Guiné 61/74 - P27394: A nossa guerra... a Petromax (2): o destacamento da Ponta do Inglês (jan 65 /out 68), onde a iluminação do perímetro de arame farpado era feita com garrafas de cerveja cheias de querosene (António Vaz, 1936-2015)




Guiné > Zona Leste > Região de Bafatá > Xime > Ponta do Inglês > O destacamento da Ponta do Inglês, um dos muitos "bu...rakos" onde viveu gente nossa , entre janeiro de 1965 e outubro de 1968. Teve um gerador que nunca chegiu a funcionar. Nem petromax tinha ! (*)

(...) "As garrafas de cerveja penduradas no arame farpado, cheias de combustível, tinham que ser continuamente acesas nas noites de chuva forte ou de vento. O risco que a malta corria nessas circunstâncias, sendo a única coisa iluminada na escuridão, tornando-se um alvo fácil era enorme, embora, que me lembre, nunca tenha havido flagelações nessas alturas. (...)
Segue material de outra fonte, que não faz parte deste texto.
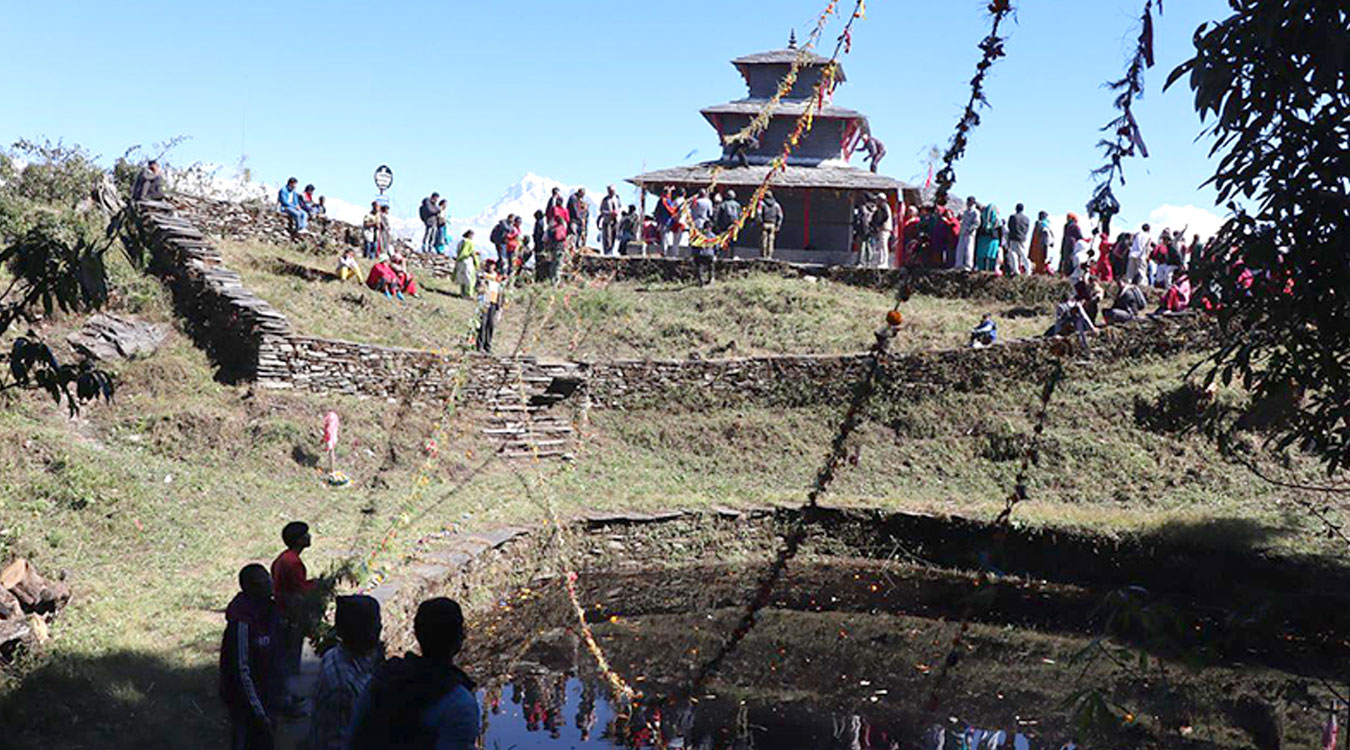 प्रकृतिलाई खुुसी पार्न तोरन तार्ने चलन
As garrafas também funcionavam como sistema de deteção e alerta: a aproximação de elementos IN do arame farpado, fazia-as tilintar... O sistema acabava por ser pouco fiável devido ao vento, à chuva e... aos macacos-cães.

Ilustração de Vera Vaz, filha do nosso camarasa António Vaz  (2012). 



António Vaz (1936-2015)
1.  Nunca será demais lembrar os "bu...rakos" onde vivemos, como toupeiras.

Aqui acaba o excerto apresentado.